5.    A passthrough entity is entitled to a credit in an amount equal to forty percent of a charitable gift to a qualified endowment by the entity during the taxable year. The maximum credit that may be claimed by the entity under this subsection for charitable gifts made in a taxable year is ten thousand dollars. The credit determined at the entity    level must be passed through to the partners, shareholders, or members in the same proportion that the charitable contributions attributable to the charitable gifts under this section are distributed to the partners, shareholders, or members. The partner, shareholder, or member may claim the credit only in the partner’s, shareholder’s, or member’s taxable year in which the taxable year of the passthrough entity ends. Subsections 6 and 7 apply to the partner, shareholder, or member.

6.    The amount of the charitable gift upon which an allowable credit is computed must be added to federal taxable income in computing North Dakota taxable income in any taxable year in which the charitable gift reduces federal taxable income, but only to the extent that the charitable gift reduced federal taxable income.

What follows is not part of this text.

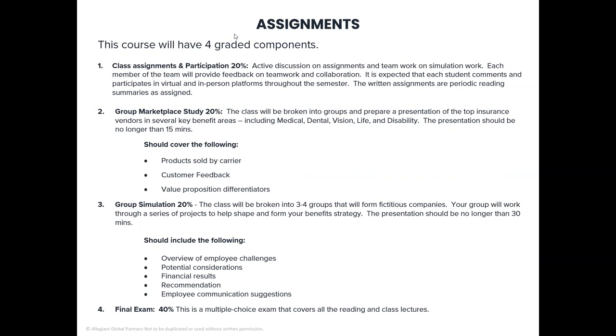Number two, worth 20 percent, is a group marketplace study. The class will be broken into groups to prepare a presentation on the top insurance vendors in several key benefit areas, including medical care, dental, vision, life, and disability. The presentation should be no longer than 15 minutes and should cover the products sold by that insurance carrier, the customer feedback, and the value proposition differentiators — how does that company see itself as different from its competitors in the marketplace?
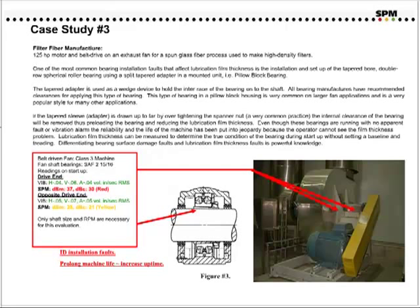Case study number three. This is a filter fiber manufacturer, and the application consists of a 125-horsepower motor on a belt-driven exhaust fan. One of the most common bearing installation faults that affect lubrication film thickness is the installation and setup of a tapered-bore, double-hole spherical rotor bearing using a split tapered adapter in a mounted unit. The tapered adapter is used as a wedge device to hold the inner race of the bearing onto the shaft. If the tapered-sleeve adapter is drawn up too far by over-tightening the spanner nut, which is a very common practice, the internal clearance of the bearing will be removed, thus pre-loading the bearing and reducing the lubrication film thickness.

7.    The unused portion of a credit under this section may be carried forward for up to three taxable years.

8.    If a charitable gift for which a credit was claimed is recovered by the taxpayer, an amount equal to the credit claimed in all taxable years must be added to the tax due on the income tax return filed for the taxable year in which the recovery occurs. For purposes of subsection 4, this subsection applies if the estate or trust recovers the charitable gift and the estate or trust and its beneficiaries are liable for the additional tax due with respect to their respective shares of the apportioned credit. For purposes of subsection 5, this subsection applies if the partnership, subchapter S corporation, or limited liability company recovers the charitable gift, and the partner, shareholder, or member is liable for the additional tax due.

9.    A charitable gift used as the basis for a credit claimed under this section may not be used as the basis for the claim of a credit under any other provision of this chapter.